Beginning with the line that includes "Now you're going", return every remaining line of the material exactly as it reads, but not the pictures.
··· Records to use ···
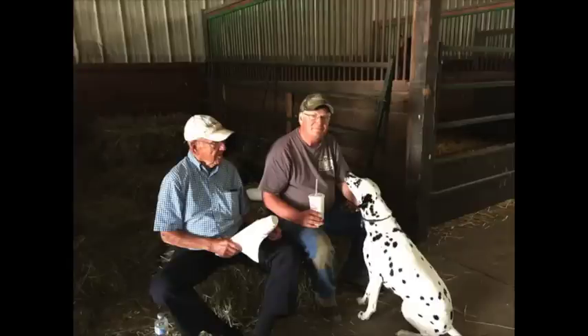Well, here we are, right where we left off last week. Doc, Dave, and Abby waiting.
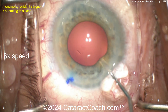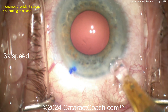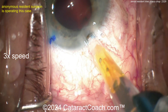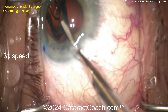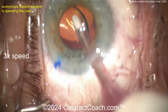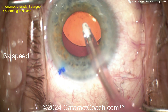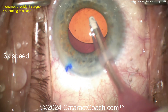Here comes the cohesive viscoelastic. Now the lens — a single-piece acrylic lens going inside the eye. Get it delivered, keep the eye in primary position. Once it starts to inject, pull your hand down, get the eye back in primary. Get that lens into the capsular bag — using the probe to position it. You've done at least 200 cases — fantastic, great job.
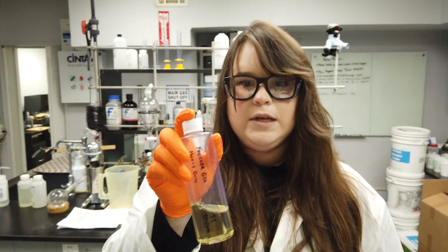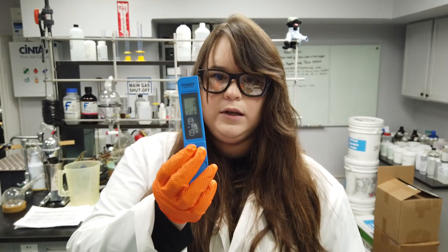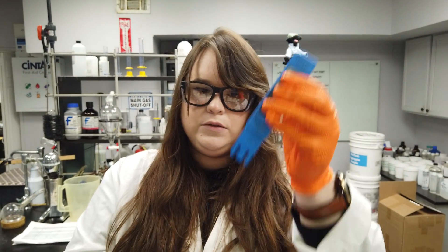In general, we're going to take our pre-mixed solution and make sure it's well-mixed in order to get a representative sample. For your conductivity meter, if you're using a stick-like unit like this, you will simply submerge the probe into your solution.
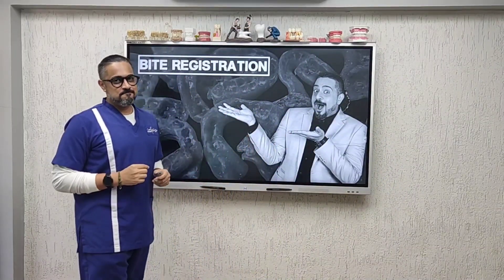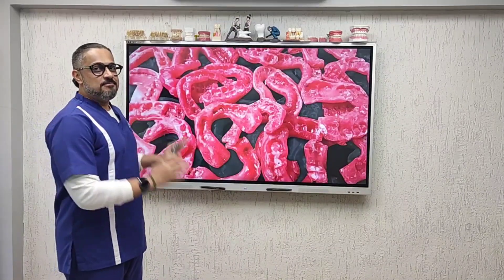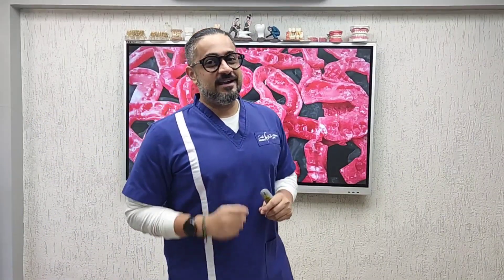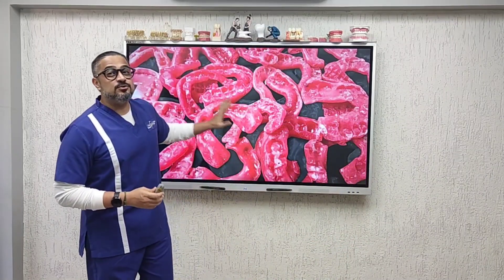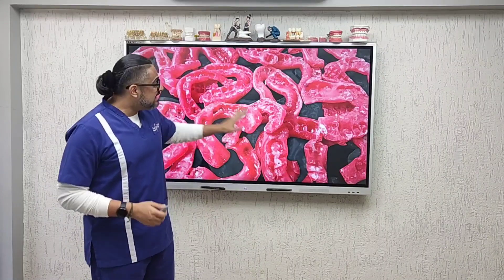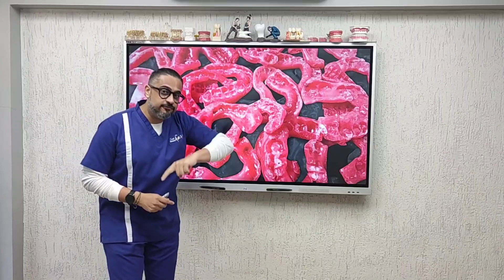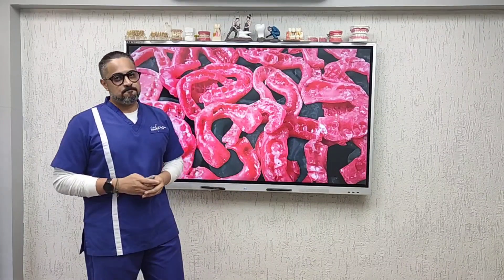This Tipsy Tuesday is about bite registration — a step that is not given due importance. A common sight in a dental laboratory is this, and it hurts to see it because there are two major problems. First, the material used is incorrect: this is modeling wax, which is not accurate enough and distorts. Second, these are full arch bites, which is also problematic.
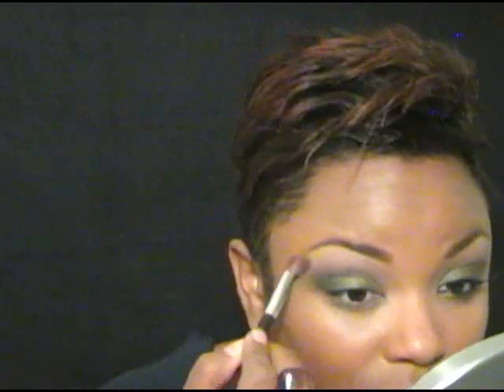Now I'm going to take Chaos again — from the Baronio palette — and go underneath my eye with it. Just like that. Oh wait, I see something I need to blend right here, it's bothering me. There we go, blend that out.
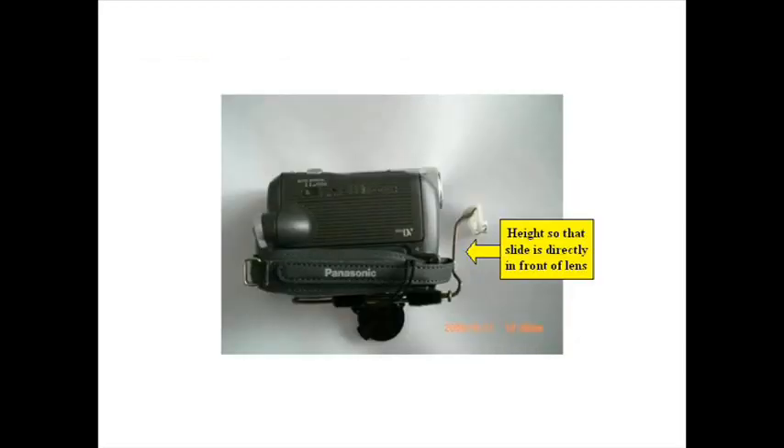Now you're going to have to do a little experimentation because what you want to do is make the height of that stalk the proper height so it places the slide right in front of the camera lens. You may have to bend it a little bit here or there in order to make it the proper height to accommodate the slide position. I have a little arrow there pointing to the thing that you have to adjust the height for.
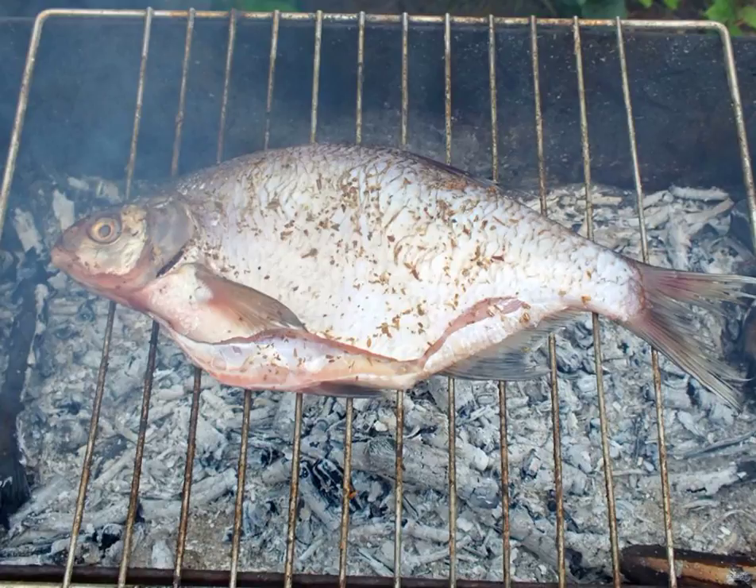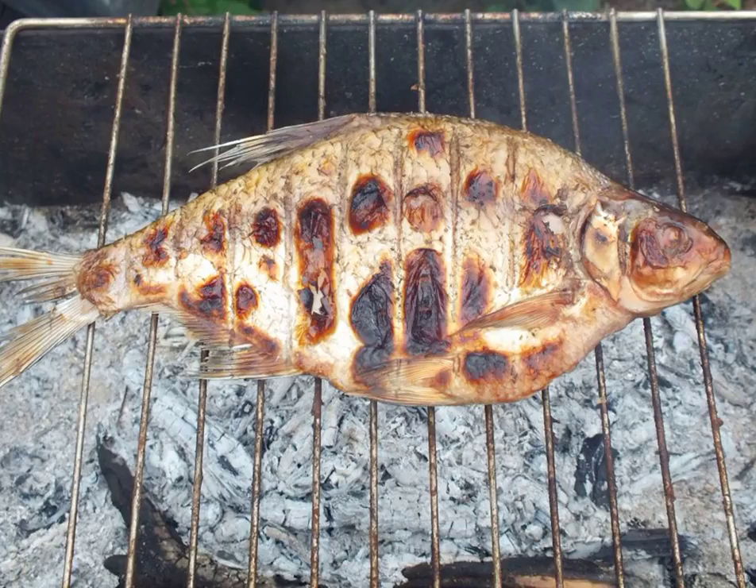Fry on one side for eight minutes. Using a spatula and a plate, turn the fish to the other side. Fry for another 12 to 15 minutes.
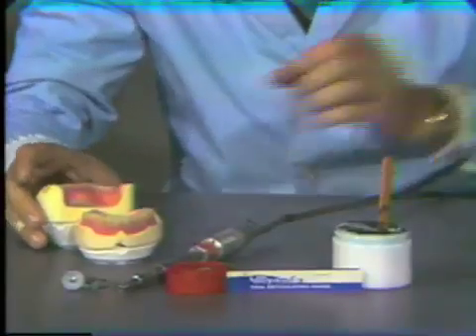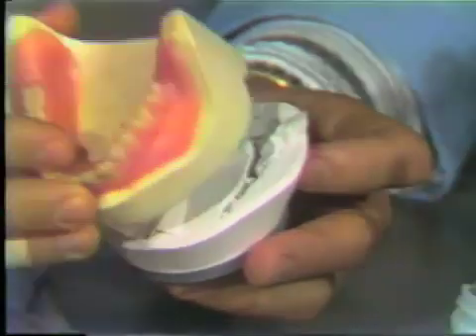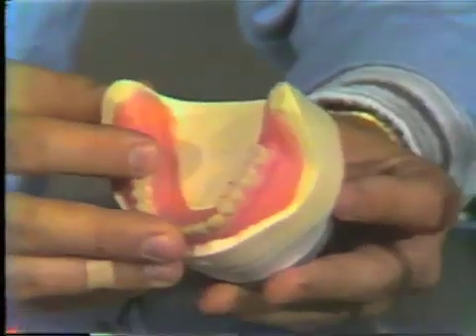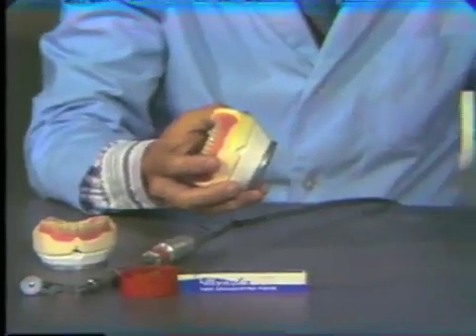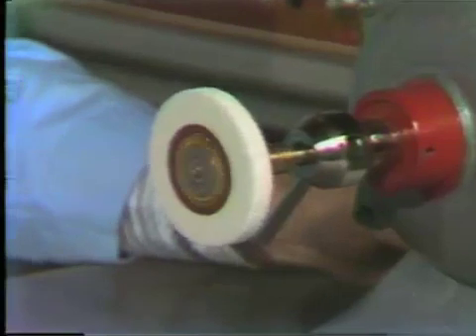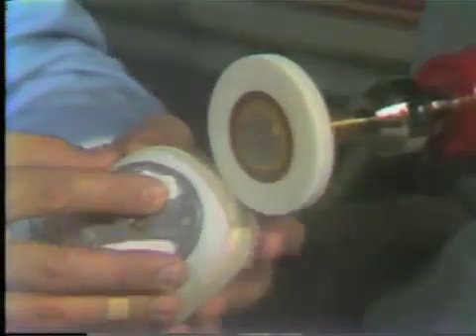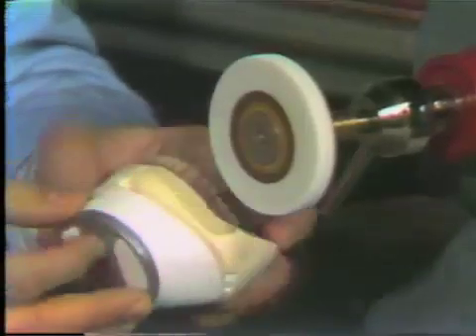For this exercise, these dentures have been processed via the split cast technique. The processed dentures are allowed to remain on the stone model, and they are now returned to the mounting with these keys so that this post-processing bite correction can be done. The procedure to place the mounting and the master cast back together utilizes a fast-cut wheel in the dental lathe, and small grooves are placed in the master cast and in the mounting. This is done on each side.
···
## [Expected answer]
Now you're going to have to do a little experimentation because what you want to do is make the height of that stalk the proper height so it places the slide right in front of the camera lens. You may have to bend it a little bit here or there in order to make it the proper height to accommodate the slide position. I have a little arrow there pointing to the thing that you have to adjust the height for.
Fry on one side for eight minutes. Using a spatula and a plate, turn the fish to the other side. Fry for another 12 to 15 minutes.
For this exercise, these dentures have been processed via the split cast technique. The processed dentures are allowed to remain on the stone model, and they are now returned to the mounting with these keys so that this post-processing bite correction can be done. The procedure to place the mounting and the master cast back together utilizes a fast-cut wheel in the dental lathe, and small grooves are placed in the master cast and in the mounting. This is done on each side.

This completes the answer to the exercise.